INSTRUCTIONS TO FOLLOW – Copy, pictures aside: the lines below from the one that holds "מכנסיים קצרים בהדפס" through the final line of the listing, both ends included, exactly as they are and nothing else.

DATA SHOWN –
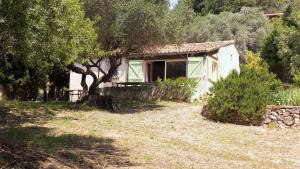 Maisons de vacances Maison 55m2 cadre campagne, le mas des anges : photos des chambres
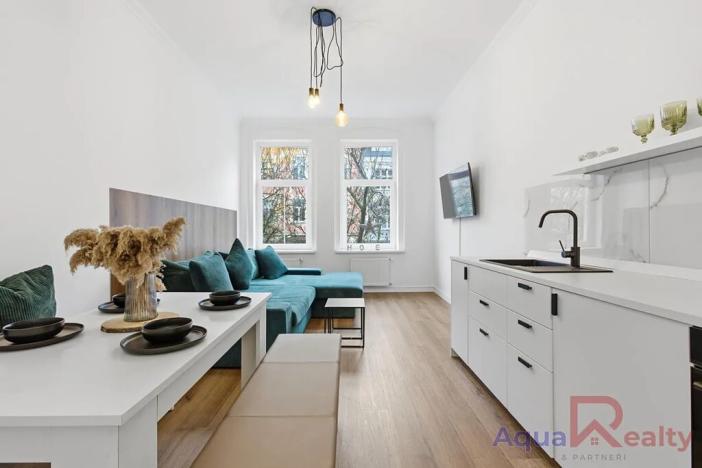 Prodej bytu 3+kk, Karlovy Vary, Jízdárenská, 46 m2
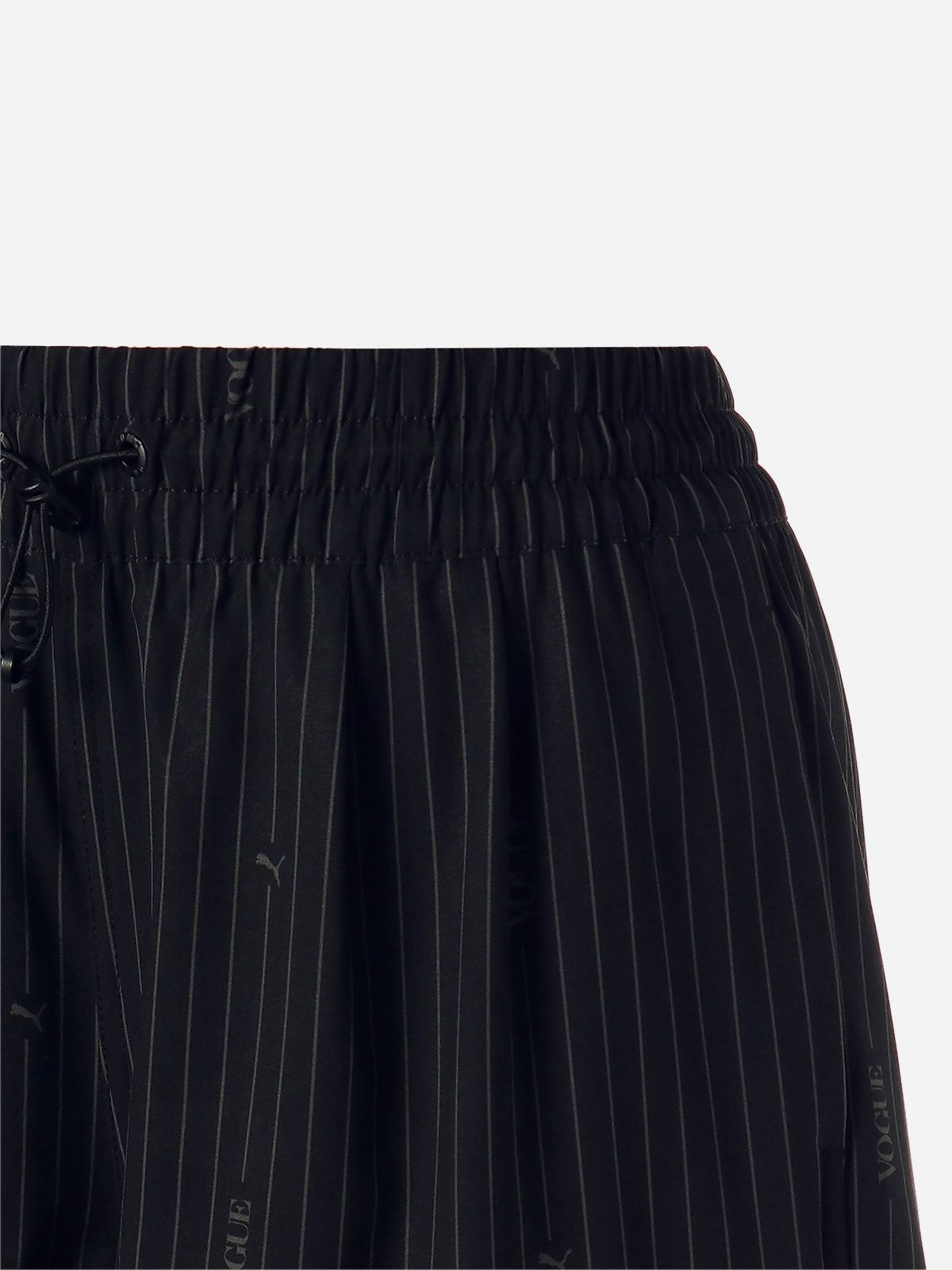 מכנסיים קצרים בהדפס פסים PUMA x VOGUE / נשים של PUMA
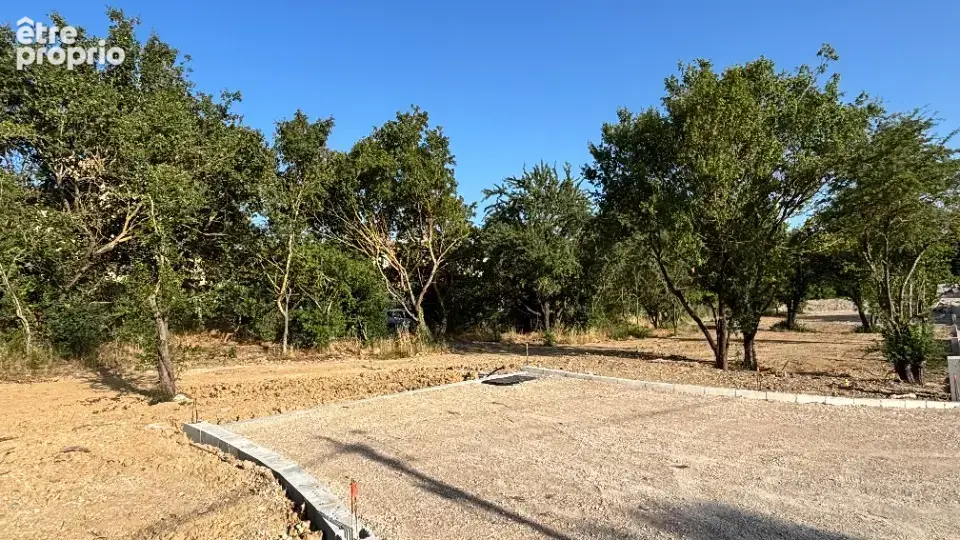 Terrain à FUVEAU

REPLY TO THE TASK –
 מכנסיים קצרים בהדפס פסים PUMA x VOGUE / נשים של PUMA
 Terrain à FUVEAU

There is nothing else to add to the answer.